This blog is cross posted from the Times Higher Education Campus. The original can be found here.
Over the last five years we have seen a rapid growth of new initiatives to bridge policy and academia. The breadth and depth has been impressive and has come from both within the university sector and from different parts of the policy ecosystem.
Too many cooks?
The growth and dynamism is positive. But the danger is that with all these activities we can start tripping over each other with a rudderless mass of activity. One delegate at a roundtable organised by CAPE, IPPO and UPEN in July 2022, said that they receive 4 or 5 emails every week on new projects that unwittingly reinvent old academic and policy engagement projects. We also heard frustration that during the Covid pandemic there were four duplicate databases of academic experts. Different government departments commission research on the same topics, and institutional memory on previous research is poor. And Four What Works Centres overlap by working on youth outcomes. Such duplication seems a waste of public money, and a dilution of energy and potential impact.
Mapping the landscape
What may help is an observatory to share what’s going on. Mapping the landscape could be a quick win, building on past academic work, such as the Transforming Evidence mapping that found over 1,000 activities and 500 organisations in this space. Or older studies of the ecosystem such as by Jonathan Shepherd at Cardiff University, or the now-defunct Alliance for Useful Evidence map of the evidence ecosystem.
Of course, an observatory would need to be much more than a map. Proactive attempts to join the dots would be needed, such as regularly bringing different parts of the evidence infrastructure together and undertaking strategic planning with funders. There is still remarkably little evaluation and learning on what works to create policy impact – and little is shared across disciplines - so commissiong new evaluations and research would also be important.
An observatory could also help to oversee more training and skills – such as developing the policy-savviness of doctoral and early career researchers. Some of these skills may be technical and processual, such as knowing how the Westminster Parliament works, or methods for rapidly synthesising research. But other policy engagement skills are harder to teach. Can we develop the art of asking for smarter policy questions? Some policy questions are so vague that no evidence can help answer them, and no civil servant can deliver them. More negotiation between researchers and those in positions of power might create answerable questions – and implementable policy.
Strength in diversity
However, the danger with an observatory is that it could be monolithic and over-centralising.

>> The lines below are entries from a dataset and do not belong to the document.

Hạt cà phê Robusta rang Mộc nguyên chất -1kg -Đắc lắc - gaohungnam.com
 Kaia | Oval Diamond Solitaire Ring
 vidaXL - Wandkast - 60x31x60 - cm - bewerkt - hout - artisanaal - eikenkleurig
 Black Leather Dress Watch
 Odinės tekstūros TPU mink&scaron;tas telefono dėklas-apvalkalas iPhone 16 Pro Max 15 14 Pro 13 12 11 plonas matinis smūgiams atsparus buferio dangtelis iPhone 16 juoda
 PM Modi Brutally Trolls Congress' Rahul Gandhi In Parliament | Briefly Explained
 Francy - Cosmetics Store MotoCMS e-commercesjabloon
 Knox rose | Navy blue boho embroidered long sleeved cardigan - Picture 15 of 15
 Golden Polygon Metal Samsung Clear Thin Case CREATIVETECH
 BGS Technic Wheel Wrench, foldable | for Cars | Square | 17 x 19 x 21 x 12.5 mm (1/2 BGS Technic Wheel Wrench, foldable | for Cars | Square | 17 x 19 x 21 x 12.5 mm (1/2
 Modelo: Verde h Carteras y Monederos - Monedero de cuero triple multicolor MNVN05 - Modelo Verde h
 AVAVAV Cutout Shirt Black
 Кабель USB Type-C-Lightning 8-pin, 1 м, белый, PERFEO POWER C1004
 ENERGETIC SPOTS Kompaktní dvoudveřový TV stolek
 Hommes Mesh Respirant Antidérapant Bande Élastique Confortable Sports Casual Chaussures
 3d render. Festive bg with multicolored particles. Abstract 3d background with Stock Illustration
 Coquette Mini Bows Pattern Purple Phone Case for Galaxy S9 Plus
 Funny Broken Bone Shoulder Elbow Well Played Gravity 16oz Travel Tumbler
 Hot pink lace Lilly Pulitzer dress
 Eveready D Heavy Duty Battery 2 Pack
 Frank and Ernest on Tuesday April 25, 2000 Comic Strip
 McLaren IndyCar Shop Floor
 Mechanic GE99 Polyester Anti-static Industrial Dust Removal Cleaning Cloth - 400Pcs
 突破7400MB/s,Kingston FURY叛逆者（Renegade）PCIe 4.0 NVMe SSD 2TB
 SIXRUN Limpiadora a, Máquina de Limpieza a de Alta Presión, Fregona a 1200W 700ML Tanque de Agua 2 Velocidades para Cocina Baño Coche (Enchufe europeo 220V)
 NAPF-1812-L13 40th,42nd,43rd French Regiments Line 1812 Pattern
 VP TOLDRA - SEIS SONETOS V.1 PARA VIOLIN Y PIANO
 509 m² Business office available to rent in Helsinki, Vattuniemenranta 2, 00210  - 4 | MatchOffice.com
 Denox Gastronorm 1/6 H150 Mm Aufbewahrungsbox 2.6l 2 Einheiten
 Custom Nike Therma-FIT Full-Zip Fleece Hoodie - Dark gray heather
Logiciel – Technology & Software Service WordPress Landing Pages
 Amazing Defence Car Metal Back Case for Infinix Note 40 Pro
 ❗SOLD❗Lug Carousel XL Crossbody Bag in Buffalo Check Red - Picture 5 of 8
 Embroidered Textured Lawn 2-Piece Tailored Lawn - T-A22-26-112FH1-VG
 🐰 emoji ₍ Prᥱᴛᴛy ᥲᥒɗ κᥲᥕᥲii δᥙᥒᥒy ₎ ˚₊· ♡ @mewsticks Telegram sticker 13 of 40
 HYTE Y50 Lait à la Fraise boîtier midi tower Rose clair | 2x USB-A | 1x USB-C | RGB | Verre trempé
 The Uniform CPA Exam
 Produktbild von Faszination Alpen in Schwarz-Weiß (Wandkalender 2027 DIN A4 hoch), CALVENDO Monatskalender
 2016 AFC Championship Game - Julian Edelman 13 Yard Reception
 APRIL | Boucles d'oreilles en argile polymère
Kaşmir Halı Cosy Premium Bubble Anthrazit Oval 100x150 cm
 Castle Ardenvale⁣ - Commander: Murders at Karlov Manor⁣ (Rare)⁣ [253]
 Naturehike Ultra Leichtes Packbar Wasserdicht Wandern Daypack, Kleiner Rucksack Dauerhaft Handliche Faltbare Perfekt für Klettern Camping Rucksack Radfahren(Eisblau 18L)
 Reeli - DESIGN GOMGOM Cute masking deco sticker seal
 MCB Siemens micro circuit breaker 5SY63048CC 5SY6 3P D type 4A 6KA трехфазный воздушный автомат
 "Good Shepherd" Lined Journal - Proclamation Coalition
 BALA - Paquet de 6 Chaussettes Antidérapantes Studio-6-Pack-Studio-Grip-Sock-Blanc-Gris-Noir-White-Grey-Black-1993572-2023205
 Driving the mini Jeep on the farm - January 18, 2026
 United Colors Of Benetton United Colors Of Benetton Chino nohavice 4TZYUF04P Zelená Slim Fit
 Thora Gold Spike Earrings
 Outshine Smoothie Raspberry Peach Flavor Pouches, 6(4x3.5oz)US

At our roundtable we heard that we must work and think beyond the Westminster and Whitehall bubble - in NGOs as much as public sector, and outside of London. Interesting regional models are emerging, such
as Insights North-East which joins Newcastle and Northumbria Universities, the NHS, North of Tyne Combined Authority, and Newcastle City Council, and PERN which brings together 7 universities in West Yorkshire with the Combined authority and Leeds Local Enterprise Partnership. The new Policy WISE initiative is seeing 5 university partners across the UK and Ireland working with administrations in all 5 nations to share comparative insights. Perhaps an observatory could help us to learn from these projects and understand what may be replicable across the UK.
This is not to say that some competition and creative tension – like a free market – may be a good thing for a vibrant sector. But markets can fail without some intervention. At the very least, a freer flow of information and learning could help policy organisations compete. At best, an enhanced coordinating capability can help to learn from diverse approaches, respond to different needs at different scales, and channel that ‘creative tension’ in a constructive way.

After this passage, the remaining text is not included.